Length	6M, 9M,12M or as required
Place of origin	Hebei, China mainland
Advantages	exact size, regular package, chemical and mechanical properties are stable.
Type	Hot rolled deformed steel bar
Brand name	DRAGON

Chemical Composition of High Quality GB Standard Deformed Steel Rebar HRB400

(Please kindly find our chemistry of our material based on HRB500 as below for your information)

Grade	Technical data of the original chemical composition (%)
	C	Mn	Si	S	P		V
HRB400	≤0.25	≤1.60	≤0.80	≤0.045	≤0.045		0.04-0.12
	Physical capability
	Yield Strength (N/cm²)		Tensile Strength (N/cm²)			Elongation (%)
	≥400		≥570			≥14

Theoretical weight and section area of each diameter as below for your information:

Diameter(mm)	Section area (mm²)	Mass(kg/m)	Weight of 12m bar(kg)
6	28.27	0.222	2.664
8	50.27	0.395	4.74
10	78.54	0.617	7.404
12	113.1	0.888	10.656
14	153.9	1.21	14.52
16	201.1	1.58	18.96
18	254.5	2.00	24
20	314.2	2.47	29.64
22	380.1	2.98	35.76
25	490.9	3.85	46.2
28	615.8	4.83	57.96
32	804.2	6.31	75.72
36	1018	7.99	98.88
40	1257	9.87	118.44
50	1964	15.42	185.04

Usage and Applications of High Quality GB Standard Deformed Steel Rebar HRB400

Deformed bar is widely used in buildings, bridges, roads and other engineering construction. Big to highways, railways, bridges, culverts, tunnels, public facilities such as flood control, dam, small to housing construction, beam, column, wall and the foundation of the plate, deformed bar is an integral structure material. With the development of world economy and the vigorous development of infrastructure construction, real estate, the demand for deformed bar will be larger and larger..

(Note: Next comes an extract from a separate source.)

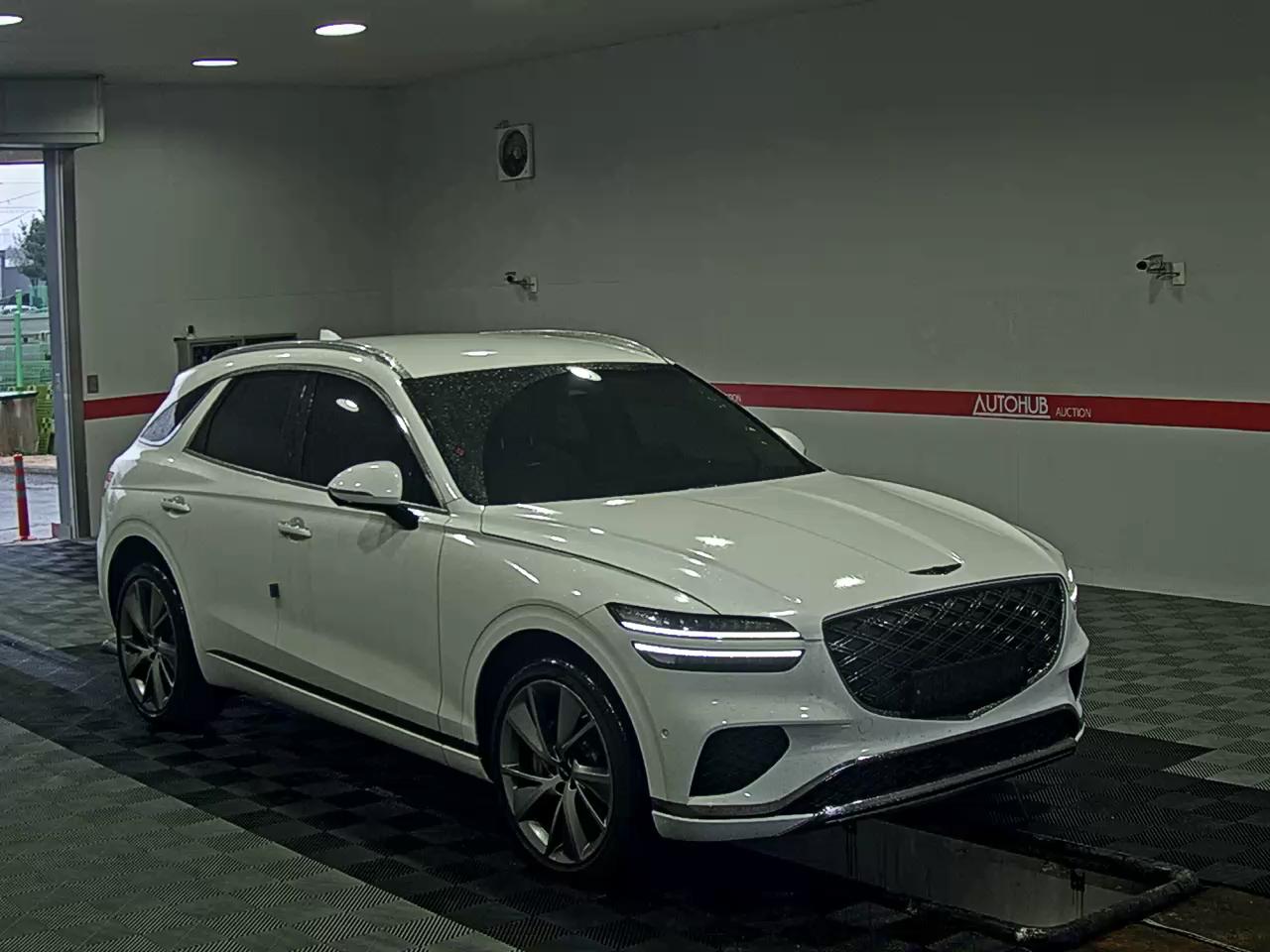 Hyundai Genesis 2025 - Image 2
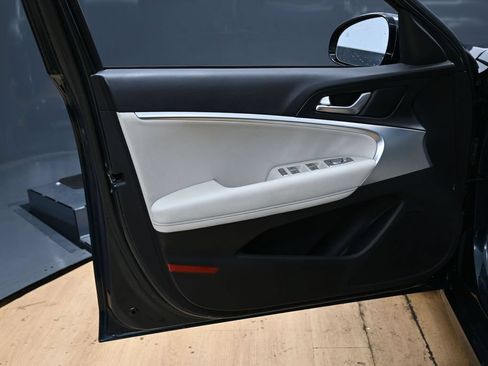 Used 2024 Genesis G70 2.5T AWD/4WD image 39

Packaging & Delivery of High Quality GB Standard Deformed Steel Rebar HRB400

Packaging Detail: products are packed in bundle and then shipped by container or bulk vessel, deformed bar is usually naked strapping delivery, when storing, please pay attention to moisture proof. The performance of rust will produce adverse effect.

Each bundle weight: 2-3MT, or as required

Payment term: TT or L/C

Delivery Detail: within 45 days after received advanced payment or LC.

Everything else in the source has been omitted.